Polytechnic College of the Federal University of Santa Maria, CPolUFSM
Santa Maria, Brazil
Abstract —For being ideas divulged as solutions for the development of a clean energy matrix, it is right to select the renewable energies as a theme of study and demonstration. In this way, this paper aims at evaluating the employment of solar and eolic energies in domestic and agro-industrial use. It accompanies the operation of a solar heater, a photovoltaic panel and two eolic systems of direct and indirect generation. The heating systems were shown to be satisfactory, whilst the direct eolic system presented low performance due to the presence of wind-breakers. It is hoped that together with the application, the prototypes will be demonstrative and will help in the search for technical solutions for the actual energy panorama.

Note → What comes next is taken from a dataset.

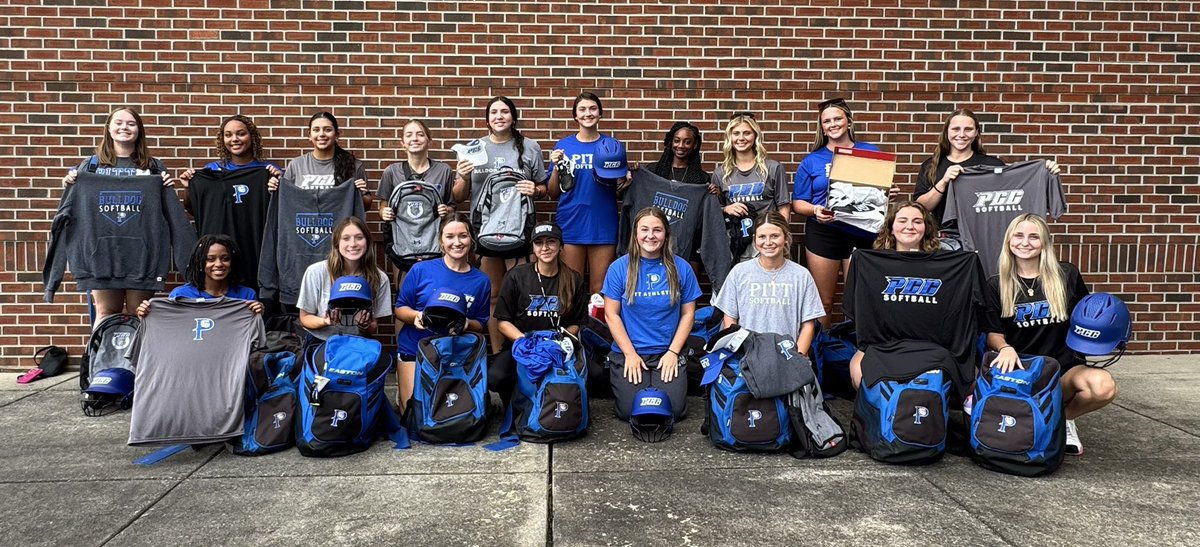 Pitt CC Softball tweet media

Keywords-component: renewable energies; solar heating; eolic energy; engineering education.
I. Introduction
Considering the great dependence of a non-renewable source of energy such as petroleum, and that the reserves of this will be exhausted within several decades, the best attitude to be adopted is the change in the world’s energy matrix. On this context, the use of renewable energy sources presents itself as a promising alternative to face the actual energy challenges and to minimize the environmental impact. The use of renewable energies consists basically in taking advantage of solar energy directly (photovoltaic and thermal solar energy) or in their indirect forms: biomass, eolic, hydraulic, etc.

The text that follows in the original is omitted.